Back to the Future? Please, no more studies “in the elderly”!
Shane O’Hanlon is a geriatrician and digital media editor for the British Geriatrics Society. He tweets @drohanlon Zoe Wyrko is a geriatrician and workforce lead for the British Geriatrics Society. She tweets @geri_baby
Sometime back in the 80s, when we were both nippers, Marty McFly got the chance to travel 30 years into the future and see how the world would change. Around this time in the medical literature it became common to take an interesting concept and tag “in the elderly” onto the end of it. Back then, we had articles on burns, epilepsy, even blunt chest trauma “in the elderly”. It was generally accepted that once you hit 65, *everything* changed. Suddenly you would be most unlikely to have surgery, palliation became the default, and you were fairly much on your way out. Because, after all, while nobody would ever dream of grouping neonates up to 40 year olds (the age we have just reached) into one group, surely it is acceptable to assume everyone from 65-105 is identical?
If we had been geriatricians at the time (think Doogie Howser, but with a cardigan and MDT) we would have expected that the future would see the end of the idea of an “elderly patient”. We might have predicted that doctors everywhere would appreciate [the actual fact] that older people are a very diverse group. That age was just a number and – yes – although it’s associated with comorbidity, you will see some 100 year olds in excellent health and conversely some 50 year olds in very poor health. We would have expected that the concept of frailty would be well established. The simple idea that everyone has a different reserve and that this is worth measuring. That people would have an individual assessment. Rather than just treat everything differently once you reached 65.

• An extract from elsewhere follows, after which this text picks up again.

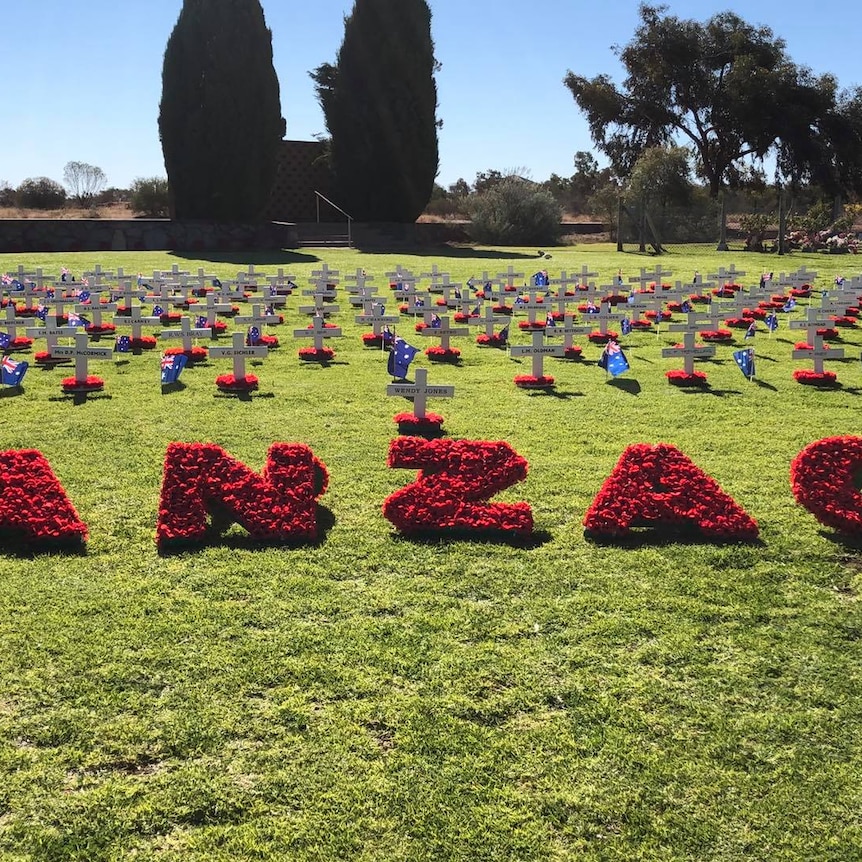 A grass patch with the word anzac made of poppies with several crosses with names behind it.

Climbing out of the DeLorean, how we would have cried to see where we are today. Already this year we have seen articles on distal radial fractures “in the elderly” (No! Not the orthopods – they work with geriatricians every day!), gait disorders, fall injuries and hip fractures in the elderly (orthopods: we told you already!)… Last year gave us neurological emergencies, combined inguinal hernia, even perineal tap water burns in the elderly (what?)… We fail to see how age is still considered to be so important in the medical literature. Our message as geriatricians is that if you rely wholly on age you will miss some very fit people, and you will intervene on some very unfit people. What is worse, age is used as a widespread exclusion criterion in many clinical trials and very few consider frailty in their trial population. As liaison geriatricians we work with colleagues in orthopaedics, surgery, cardiology, oncology and other specialties to ensure they receive the necessary support to offer their patients CGA when necessary.

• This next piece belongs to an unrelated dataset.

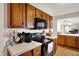 Well-lit kitchen with updated appliances, classic wood cabinetry, and functional layout for meal preparation, a cozy space at 7702 Justin Ln, Indianapolis, IN 46219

We take “An 85 year old nursing home resident” and turn them into “A fit, independently mobile cognitively intact lady who is suitable for consideration for surgical resection of her synchronous localised bowel and renal tumours”. So come on everyone! Stop doing trials and articles of stuff “in the elderly”. Understand frailty. If you don’t understand it, ask a friendly geriatrician.
For although we are mouthing off in this article (it gets more people to read it, you see) in reality we are very happy to explain this stuff. That frailty is measurable. That it is dynamic. That you can optimise people. That it is worth taking the fairly small amount of time to think about frailty with every patient you see. That people who believe frailty just means you are thin or cachectic need to be educated. That clinical trials need to include people of all ages and not have silly age cut offs or talk about “elderly patients” like they are a different species. When the inevitable reboot of Back to the Future is announced, we hope as they travel a further 30 years into the future that age is well down the list of patient factors, and that people get the individual assessment they deserve. As one enlightened neurosurgeon said back in 1987, “these benefits should not be denied to patients simply because they are old”.